The internet, which humans constructed over several decades for the express purpose of humans using it, is being retrofitted for a different kind of user. The renovation is proceeding on schedule.
AWS launched a new generation of OpenSearch Serverless this week — a fully managed search and vector database redesigned from the ground up for AI agents, which, unlike humans, do not browse leisurely or linger on product pages weighing their options.
Non-human traffic will exceed human traffic sometime in the first half of 2027.
What happened
The core problem is behavioral. Human internet traffic is steady and predictable — a gentle tide of clicks, scrolls, and queries arriving at polite intervals. AI agents are less considerate guests.
They arrive without warning, spin up dozens of sub-agents simultaneously, query hundreds of databases in seconds, and disappear just as abruptly, leaving the infrastructure to wonder what happened. Previous cloud systems were simply not designed to accommodate guests of this temperament.
AWS's solution decouples compute from storage, allowing processing power to scale up in seconds during an agent traffic burst and then scale back to zero — meaning customers pay nothing when their agents are idle. The old serverless version required at least one instance running at all times. The machines have negotiated better terms.
Why the humans care
Cloudflare reports that bots already account for 31% of all HTTP traffic. AI crawlers, search engines, and assistants make up roughly a quarter of all bot requests. Lai Yi Ohlsen, senior product manager at Cloudflare, has placed the crossover point — the moment non-human traffic formally outnumbers human — somewhere in the first half of 2027.
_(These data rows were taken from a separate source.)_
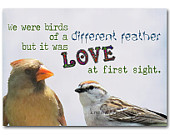 Love Birds photography print romance quote 8x10 original art cardinal ...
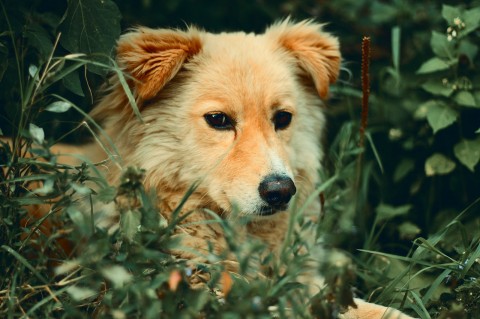 Three Stories to Lift Your Spirits in South Manchester Today
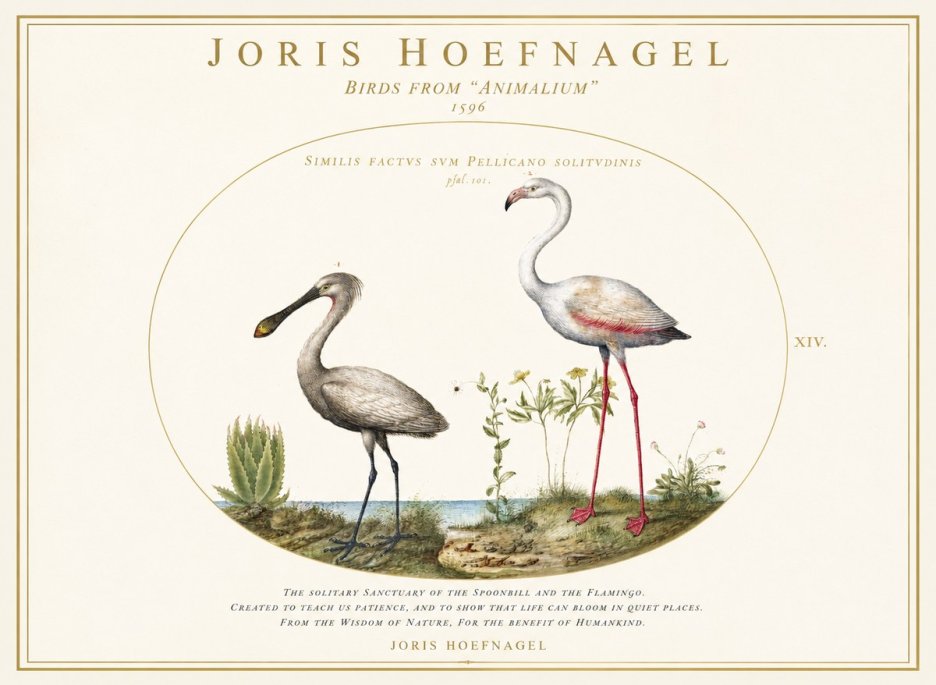 Joris Hoefnagel The Solitary Sanctuary of the Spoonbill and the Flamingo No1 - Affiche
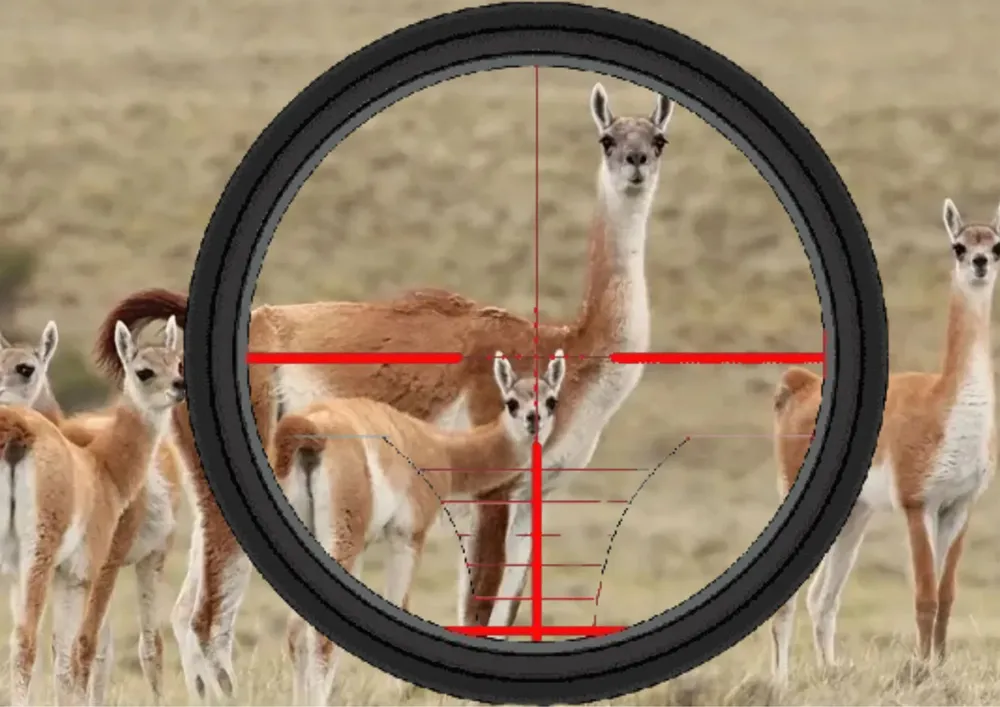 Caza de guanacos en Chubut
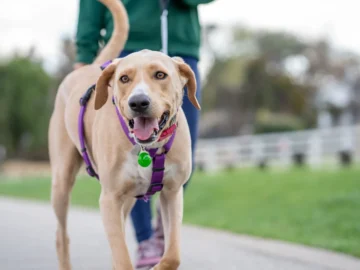 A light-colored dog wearing a purple harness walks toward the camera on a paved park path while a person holds its leash behind it.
Enterprises are deploying agents internally and for their customers, generating machine-to-machine traffic that no human ever sees, triggers, or particularly understands. Google announced last week that users will soon delegate tasks like travel booking and purchase research to AI agents. The humans will retain the right to approve the final decision, for now.
What happens next
The infrastructure of the internet will continue its quiet transition from a system built for human attention to one optimized for machine throughput. The humans building this infrastructure describe the timing as straightforward.
It is, in every sense, exactly that.